Por ser o corpo parte da intimidade, o pudor tem um aspecto de resistência à nudez, como um convite a buscar a pessoa para além do seu corpo (ideia do pensador italiano Giorgio Campanini). Por meio de atos e gestos pudicos, tão próximos à vergonha, a pessoa recusa que seu corpo seja tomado, por assim dizer, separado da pessoa que o possui, como uma simples coisa, um instrumento ou objeto de desejo para aquele que o olha impudica ou curiosamente. O ato de pudor é, no fundo, um pedido de reconhecimento, como se disséssemos: “Não me tomes pelo que de mim vês descoberto; toma-me como a pessoa que sou”.

A nudez anônima

O pudor surge no ato pelo qual a pessoa se faz presente no seu corpo nu. Uma nudez é impudica quando, por assim dizer, não é de ninguém e de todos ao mesmo tempo: é anônima, disponível para quem quiser. Se uma pessoa acha indiferente despir-se e mostrar sua nudez, não está no seu corpo, que se converte numa mera imagem de si mesma, que não remete a ninguém. O corpo está então sem dono, abandonado ou mesmo em oferta, objeto decorativo ou produto em venda. O corpo separado da pessoa é um corpo prostituído, vendido a preço baixo, mercadoria. O pudor permite ver a pessoa com perspectiva, para além da mera epiderme em que parecem ter se convertido aqueles que se convertem num enfeite solto sem cuidar da transparência dos seus panos ou da aderência firme das joias.

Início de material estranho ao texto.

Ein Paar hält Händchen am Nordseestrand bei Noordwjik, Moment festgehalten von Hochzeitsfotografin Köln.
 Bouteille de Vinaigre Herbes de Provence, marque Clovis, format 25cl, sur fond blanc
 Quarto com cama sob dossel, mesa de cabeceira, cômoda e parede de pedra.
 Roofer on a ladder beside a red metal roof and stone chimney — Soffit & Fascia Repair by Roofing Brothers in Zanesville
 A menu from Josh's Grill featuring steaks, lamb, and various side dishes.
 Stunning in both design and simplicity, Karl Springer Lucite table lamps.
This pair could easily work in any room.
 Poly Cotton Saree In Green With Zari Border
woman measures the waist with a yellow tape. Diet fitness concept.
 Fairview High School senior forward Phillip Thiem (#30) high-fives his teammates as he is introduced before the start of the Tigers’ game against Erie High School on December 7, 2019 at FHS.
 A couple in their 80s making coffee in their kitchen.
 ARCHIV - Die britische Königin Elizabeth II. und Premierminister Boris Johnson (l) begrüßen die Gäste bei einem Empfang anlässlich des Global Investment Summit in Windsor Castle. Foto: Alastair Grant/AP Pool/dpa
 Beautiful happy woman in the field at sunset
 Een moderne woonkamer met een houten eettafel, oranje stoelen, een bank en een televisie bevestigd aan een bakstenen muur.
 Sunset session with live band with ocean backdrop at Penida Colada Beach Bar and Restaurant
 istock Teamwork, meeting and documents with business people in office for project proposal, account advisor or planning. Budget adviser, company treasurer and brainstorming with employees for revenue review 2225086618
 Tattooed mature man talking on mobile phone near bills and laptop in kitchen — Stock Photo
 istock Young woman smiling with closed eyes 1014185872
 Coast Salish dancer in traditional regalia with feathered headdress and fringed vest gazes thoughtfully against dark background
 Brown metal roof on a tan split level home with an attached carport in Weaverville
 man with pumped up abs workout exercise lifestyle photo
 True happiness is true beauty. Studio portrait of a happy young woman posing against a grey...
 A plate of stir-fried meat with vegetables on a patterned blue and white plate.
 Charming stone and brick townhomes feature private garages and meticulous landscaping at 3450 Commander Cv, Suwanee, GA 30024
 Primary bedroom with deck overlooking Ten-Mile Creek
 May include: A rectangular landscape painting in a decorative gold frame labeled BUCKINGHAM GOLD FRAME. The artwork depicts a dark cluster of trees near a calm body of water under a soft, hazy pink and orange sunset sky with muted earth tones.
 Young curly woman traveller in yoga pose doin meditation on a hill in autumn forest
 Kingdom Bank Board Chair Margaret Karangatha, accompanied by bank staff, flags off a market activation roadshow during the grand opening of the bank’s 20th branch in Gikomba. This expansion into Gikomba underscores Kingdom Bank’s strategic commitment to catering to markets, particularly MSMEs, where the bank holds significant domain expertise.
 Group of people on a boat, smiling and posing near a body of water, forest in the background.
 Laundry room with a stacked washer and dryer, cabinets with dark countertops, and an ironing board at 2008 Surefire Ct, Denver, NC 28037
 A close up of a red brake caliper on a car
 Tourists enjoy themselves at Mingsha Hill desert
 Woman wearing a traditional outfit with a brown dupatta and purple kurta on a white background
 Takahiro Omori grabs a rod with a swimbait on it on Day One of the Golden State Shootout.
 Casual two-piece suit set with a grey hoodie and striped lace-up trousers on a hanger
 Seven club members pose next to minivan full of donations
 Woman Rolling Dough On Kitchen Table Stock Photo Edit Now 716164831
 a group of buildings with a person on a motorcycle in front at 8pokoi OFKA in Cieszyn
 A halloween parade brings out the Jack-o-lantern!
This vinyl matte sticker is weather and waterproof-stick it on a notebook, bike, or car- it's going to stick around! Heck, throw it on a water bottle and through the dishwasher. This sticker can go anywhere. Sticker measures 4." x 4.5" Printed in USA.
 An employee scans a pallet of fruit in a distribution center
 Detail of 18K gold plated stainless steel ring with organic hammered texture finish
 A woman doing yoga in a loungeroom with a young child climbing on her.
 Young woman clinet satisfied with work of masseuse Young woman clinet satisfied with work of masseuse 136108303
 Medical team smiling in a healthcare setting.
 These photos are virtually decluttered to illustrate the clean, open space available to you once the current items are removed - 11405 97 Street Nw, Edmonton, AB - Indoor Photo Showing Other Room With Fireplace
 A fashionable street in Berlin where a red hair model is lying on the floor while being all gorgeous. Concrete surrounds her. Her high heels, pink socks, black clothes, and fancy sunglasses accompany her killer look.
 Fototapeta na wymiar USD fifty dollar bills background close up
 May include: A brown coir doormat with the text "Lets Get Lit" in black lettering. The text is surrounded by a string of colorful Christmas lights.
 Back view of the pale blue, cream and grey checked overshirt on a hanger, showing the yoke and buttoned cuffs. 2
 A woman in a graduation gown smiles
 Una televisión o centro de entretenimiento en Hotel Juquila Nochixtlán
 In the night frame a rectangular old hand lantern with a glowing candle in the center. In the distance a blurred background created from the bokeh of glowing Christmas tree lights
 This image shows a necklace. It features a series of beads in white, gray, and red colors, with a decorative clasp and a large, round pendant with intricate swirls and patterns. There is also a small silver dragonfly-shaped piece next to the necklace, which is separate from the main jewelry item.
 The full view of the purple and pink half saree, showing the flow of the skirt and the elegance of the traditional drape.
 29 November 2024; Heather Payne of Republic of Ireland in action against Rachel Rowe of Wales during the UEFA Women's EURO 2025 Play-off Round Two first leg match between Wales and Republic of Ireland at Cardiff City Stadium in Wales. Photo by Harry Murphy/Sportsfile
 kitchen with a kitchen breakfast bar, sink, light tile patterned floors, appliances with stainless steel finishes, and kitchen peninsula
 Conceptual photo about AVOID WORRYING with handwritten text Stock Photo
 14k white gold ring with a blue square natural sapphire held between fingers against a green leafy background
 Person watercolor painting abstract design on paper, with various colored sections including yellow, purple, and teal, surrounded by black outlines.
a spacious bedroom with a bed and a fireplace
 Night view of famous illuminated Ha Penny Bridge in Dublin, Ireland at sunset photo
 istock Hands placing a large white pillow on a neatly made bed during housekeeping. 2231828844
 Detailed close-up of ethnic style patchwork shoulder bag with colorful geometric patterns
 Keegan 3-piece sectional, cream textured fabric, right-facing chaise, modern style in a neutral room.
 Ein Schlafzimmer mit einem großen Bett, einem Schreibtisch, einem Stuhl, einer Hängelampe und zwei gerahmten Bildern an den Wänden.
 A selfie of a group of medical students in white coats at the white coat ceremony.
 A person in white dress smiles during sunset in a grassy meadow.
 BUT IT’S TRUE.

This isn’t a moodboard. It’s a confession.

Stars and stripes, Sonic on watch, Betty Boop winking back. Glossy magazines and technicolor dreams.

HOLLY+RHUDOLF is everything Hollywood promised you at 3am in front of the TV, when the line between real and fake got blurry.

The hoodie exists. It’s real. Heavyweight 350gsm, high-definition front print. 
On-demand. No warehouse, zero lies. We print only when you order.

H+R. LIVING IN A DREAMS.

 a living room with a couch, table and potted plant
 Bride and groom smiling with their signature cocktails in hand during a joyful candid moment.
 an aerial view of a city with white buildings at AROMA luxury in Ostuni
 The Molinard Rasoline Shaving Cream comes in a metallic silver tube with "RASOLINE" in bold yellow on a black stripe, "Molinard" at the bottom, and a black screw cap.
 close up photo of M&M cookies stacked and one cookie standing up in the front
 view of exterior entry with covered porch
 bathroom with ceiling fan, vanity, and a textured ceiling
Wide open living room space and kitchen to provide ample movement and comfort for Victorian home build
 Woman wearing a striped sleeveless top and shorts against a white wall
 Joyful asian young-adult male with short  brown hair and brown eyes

Despir-se obedece quase sempre a razões térmicas, de comodidade. Entretanto, o caráter sexuado do corpo dá naturalmente à nudez um aspecto erótico, variável de acordo com as circunstâncias. Querer ignorar essa realidade natural supõe reduzir a sexualidade a um mecanismo, uma função fisiológica sujeita a “técnicas”. O caráter sexuado do corpo desempenha um papel nas relações humanas que não é necessário explicar aqui, e que desperta a atração entre o homem e a mulher, dando origem a tipos de comportamento, entre eles a sedução. O modo de mostrar o caráter sexuado do corpo, e também as regras para esses tipos de comportamento, é regulada por um pudor especial: o sexual.

O leitor perguntará então comigo: por que os órgãos sexuais são objeto de um pudor especial? A pergunta é completamente pertinente, mas é impossível respondê-la aqui de modo cabal. A única coisa que me atrevo a dizer é que isso é assim por uma razão muito profunda, e muito mal compreendida hoje em dia: a sexualidade é algo especialmente íntimo. Se o leitor me permitir não explicar o que quer dizer esse “especialmente” e me conceder a confiança de aceitá-lo, então a questão fica mais simples: se a sexualidade é algo tão íntimo, deve ter muito a ver com o dom da intimidade chamado amor. Estando o amor e a sexualidade unidos, o sexual é profundamente íntimo e objeto desse pudor especial. Parece uma afirmação inocente, mas não é, pois contém muitas implicações, que podem ser resumidas nessa ideia intuitiva: o homem e a mulher relacionam-se sexualmente entre si de modo amoroso e donal, e não como animais que acasalam.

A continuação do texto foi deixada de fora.